WHAT YOU ARE ASKED TO DO:
The lines below, from the first through the one containing "Mar 24, 2015;", are to be given again exactly, with pictures left out and nothing added.

DATASET EXCERPT:

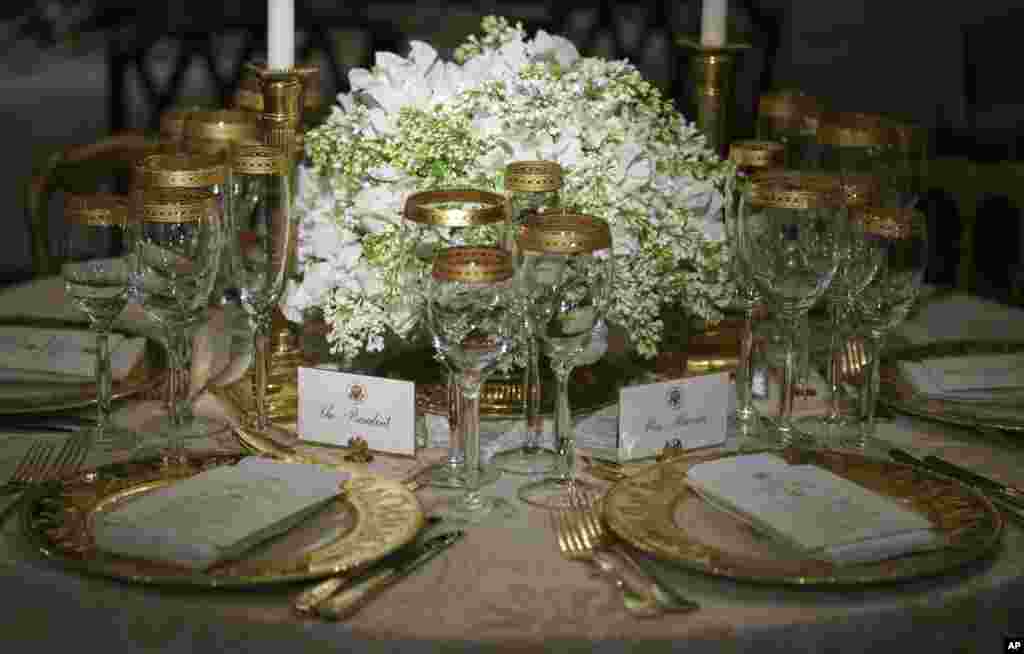 Place settings for a previous President Donald Trump State dinner is seen in the China Room during a 2018 Christmas preview at the White House in Washington, Monday, Nov. 26, 2018. A name card for President Donald Trump is left and another for French Pres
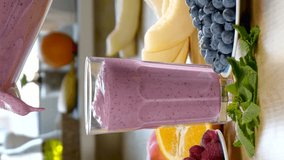 Raspberry Blueberry Melon Smoothie is poured into a glass on the background of fresh fruits and berries. Healthy and vegetarian food concept, Close-up, vertical footage - Powered by Shutterstock - Get 15% off with code: PIKWIZARD15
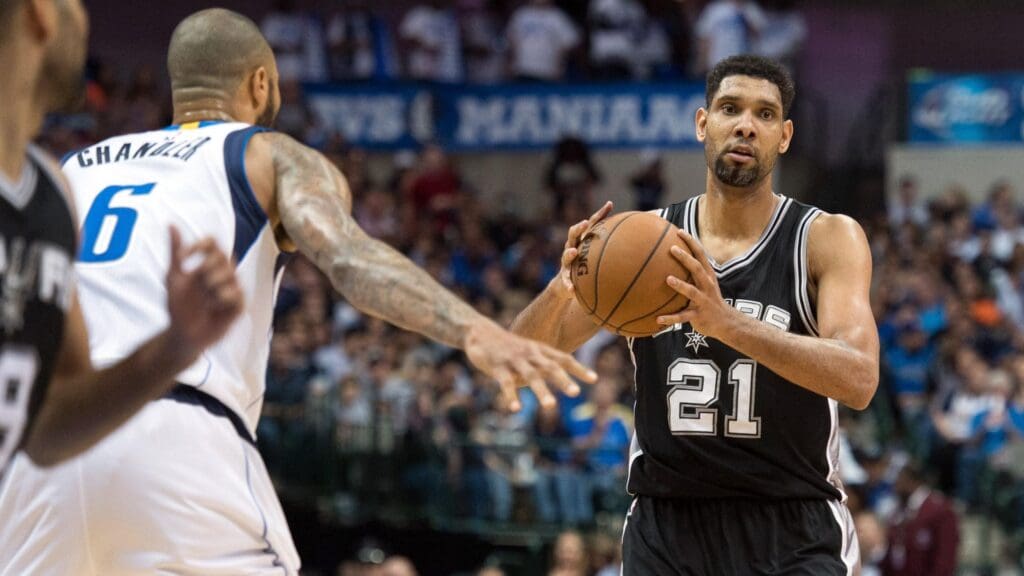Mar 24, 2015; Dallas, TX, USA; Dallas Mavericks center Tyson Chandler (6) guards San Antonio Spurs forward Tim Duncan (21) during the game at the American Airlines Center. The Mavericks defeated the Spurs 101-94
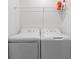 Bright laundry room with white washer and dryer at 12440 Wellen Golf St # 204, Venice, FL 34293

WORKED SOLUTION:
 Place settings for a previous President Donald Trump State dinner is seen in the China Room during a 2018 Christmas preview at the White House in Washington, Monday, Nov. 26, 2018. A name card for President Donald Trump is left and another for French Pres
 Raspberry Blueberry Melon Smoothie is poured into a glass on the background of fresh fruits and berries. Healthy and vegetarian food concept, Close-up, vertical footage - Powered by Shutterstock - Get 15% off with code: PIKWIZARD15
Mar 24, 2015; Dallas, TX, USA; Dallas Mavericks center Tyson Chandler (6) guards San Antonio Spurs forward Tim Duncan (21) during the game at the American Airlines Center. The Mavericks defeated the Spurs 101-94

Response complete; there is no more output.